Mayor also names counsel, Aging departments head
From Bill de Blasio
Mayor Bill de Blasio announced three key appointments to his administration on Tuesday. The mayor named Maya Wiley as Counsel to the Mayor, appointed Donna M. Corrado to serve as commissioner at the Department for the Aging and Emily Lloyd as commissioner for the Department of Environmental Protection.
“Today’s appointees are well-respected leaders with first-hand knowledge about delivering quality service for their constituencies and are no strangers to handling difficult tasks and large-scale projects. Their impressive track records speak for themselves, and I couldn’t be prouder or more confident in their capabilities and commitment to service,” said Mayor de Blasio.
Maya Wiley is a civil rights attorney with extensive experience advocating on behalf of the poor, the marginalized and the underserved in New York City, across the country, and around the world. Wiley is the President and Founder of the Center for Social Inclusion, which she founded in 2002 to support ideas, strategies and leadership to transform the relationship between institutions and policies in order to better promote racial equity, opportunity and prosperity for all. Wiley has also enjoyed an illustrious legal career, and brings to the de Blasio administration a lifetime of advocating for equal access and opportunity under the law.
As Counsel to the Mayor, Wiley will advise the mayor on legal matters involving City Hall and the executive staff, as well provide counsel to the mayor on the legal aspects of policy and administrative matters. She will also spearhead special projects, such as efforts to invest in New York’s technology infrastructure and expand broadband access across all five boroughs.
“Mayor de Blasio has made rebuilding and strengthening the ladder of opportunity central to his mission to lift New York out of the income inequality crisis we are in. Inequality – in any form – has been the focus of my entire professional career, and I am honored to have the opportunity to work with this administration to help enact policies that will ensure that all New Yorkers, regardless of their backgrounds, have a shot at success,” said Wiley.

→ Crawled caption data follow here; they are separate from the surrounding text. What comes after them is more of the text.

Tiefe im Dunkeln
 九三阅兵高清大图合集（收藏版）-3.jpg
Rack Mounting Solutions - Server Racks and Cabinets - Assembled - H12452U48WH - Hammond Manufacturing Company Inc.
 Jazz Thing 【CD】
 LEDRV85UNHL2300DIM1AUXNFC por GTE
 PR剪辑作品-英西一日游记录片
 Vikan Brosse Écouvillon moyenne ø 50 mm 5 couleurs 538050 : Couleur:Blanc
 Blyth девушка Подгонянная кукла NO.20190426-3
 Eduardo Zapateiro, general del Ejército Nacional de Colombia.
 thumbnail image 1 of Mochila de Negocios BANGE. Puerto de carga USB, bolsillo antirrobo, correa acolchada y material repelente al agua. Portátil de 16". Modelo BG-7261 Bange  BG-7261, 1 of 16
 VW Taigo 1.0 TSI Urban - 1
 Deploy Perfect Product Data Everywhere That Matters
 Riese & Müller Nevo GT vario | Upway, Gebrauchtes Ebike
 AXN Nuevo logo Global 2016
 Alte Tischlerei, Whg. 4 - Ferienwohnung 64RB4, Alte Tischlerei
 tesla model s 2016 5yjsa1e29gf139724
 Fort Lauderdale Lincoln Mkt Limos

Emily Lloyd, currently the Administrator of Prospect Park and President of the Prospect Park Alliance, is a veteran of city government with the experience and management skills necessary to manage and conserve the city’s thousands of miles of watershed and infrastructure. This is in addition to overseeing the regulation of air quality, hazardous waste, and critical quality of life issues. She will be tasked with improving the resiliency of the city’s aging water infrastructure to better prepare for upcoming storms, continuing to repair and rebuild after Hurricane Sandy, and helping home and property owners better understand their waters bills and navigate the billing dispute process.
“At a time when natural resources are increasingly scarce and extreme weather events are increasingly common, we need to get much more prudent about managing our water supply and ensuring our infrastructure is ready to handle any storm that might strike next. The very safety and well-being of New Yorkers are at stake. We also need to create a much more accessible and user-friendly department that serves all New Yorkers – one that allows our customers to understand, and, if necessary, contest and their bills quickly and easily. I’m grateful to be able to take the lead on forging that path,” said Lloyd.
Donna M. Corrado, a committed and experienced leader who spent more than 22 years working at Catholic Charities, has dedicated her career to expanding—and improving—social services for New York City’s most vulnerable residents. Corrado will be charged with spearheading Mayor de Blasio’s plan to protect the city’s seniors in the face of rising costs of living. This includes keeping seniors center open, preserving and expanding affordable housing options, and improving outreach and service delivery to the city’s elderly.
“Almost a quarter of our seniors live at or below the poverty line—even with social security benefits. This is unacceptable. With a growing elderly population that’s expected to double by 2040 and growing living costs in New York City, we need to do more to reach our seniors. I am humbled and encouraged by the opportunity to do so on such a broad level. I look forward to working with community partners and social service organizations to bolster and revamp service delivery for our most elderly New Yorkers. Our seniors deserve not only respect, but the care and support of our city agencies,” said incoming DFTA Commissioner Donna M. Corrado.